Qwen3.5-4B-Base Fine-Tuning with Unsloth¶
Parent: Module 5B - LLM Application Development / Phase 3 - Artificial Intelligence
Fine-tune
Qwen/Qwen3.5-4B-Basewith Unsloth, then measure the training, export, and inference costs that matter to an AI hardware engineer.
Layer mapping: L1 (Application & Framework) feeding L2/L3 (compiler/runtime) and L5/L6 (memory, precision, accelerator design).

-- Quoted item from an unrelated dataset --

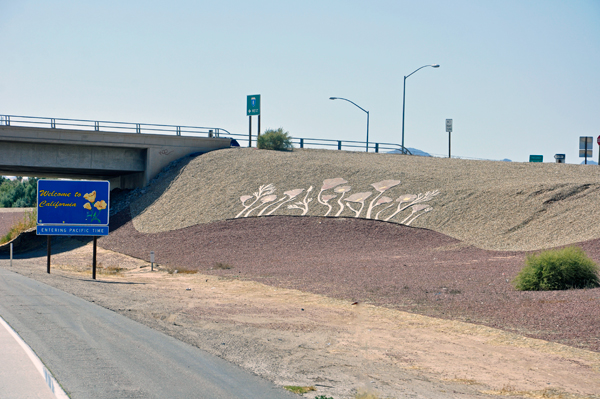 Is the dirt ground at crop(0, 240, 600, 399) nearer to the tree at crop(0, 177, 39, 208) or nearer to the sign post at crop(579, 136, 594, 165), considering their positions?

Prerequisites: PyTorch basics, tokenizer/chat-template fluency, LoRA/PEFT concepts, and one CUDA GPU with enough memory for 16-bit LoRA.

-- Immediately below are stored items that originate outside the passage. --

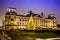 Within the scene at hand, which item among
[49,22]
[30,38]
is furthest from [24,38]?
[49,22]

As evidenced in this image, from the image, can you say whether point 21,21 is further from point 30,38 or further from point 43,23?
point 30,38

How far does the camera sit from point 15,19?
20.0 ft

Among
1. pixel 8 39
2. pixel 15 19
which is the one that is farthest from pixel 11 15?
pixel 8 39

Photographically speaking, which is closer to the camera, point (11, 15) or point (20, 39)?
point (20, 39)

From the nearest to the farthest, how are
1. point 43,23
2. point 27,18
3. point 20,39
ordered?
point 20,39 → point 27,18 → point 43,23

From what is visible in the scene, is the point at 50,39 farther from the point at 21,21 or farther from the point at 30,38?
the point at 21,21

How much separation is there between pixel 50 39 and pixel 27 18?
504 centimetres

Role targets: AI Engineer / LLM Fine-Tuning Engineer / ML Platform Engineer / AI Inference Engineer
Course output: a reproducible LoRA adapter, an evaluation report, an exported inference artifact, and a short hardware note explaining VRAM, throughput, and deployment tradeoffs.
Course Currency Note¶
Model IDs, Unsloth support, and memory requirements change quickly. As of May 2026, Unsloth documents Qwen/Qwen3.5-4B-Base as part of its Qwen3.5 support and recommends 16-bit LoRA rather than 4-bit QLoRA for this family. Check the current Qwen model card and Unsloth Qwen3.5 guide before copying commands into a real training job.

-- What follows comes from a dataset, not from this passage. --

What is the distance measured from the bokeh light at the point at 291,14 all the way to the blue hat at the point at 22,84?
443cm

Why This Matters for AI Hardware¶
Fine-tuning is not just a model-quality exercise. It changes the deployment artifact your hardware must serve:
- Adapter vs merged weights: unmerged LoRA adds extra low-rank matmuls at inference; merged weights remove that overhead but create a new model artifact.
- Precision choices: 16-bit LoRA, post-training quantization, and GGUF/AWQ/GPTQ exports all change memory traffic and kernel choices.
- Context length: SFT sequence length drives training activation memory, and evaluation context length drives KV-cache memory.
- Data shape: short instruction examples, long tool traces, and multimodal examples stress very different parts of the stack.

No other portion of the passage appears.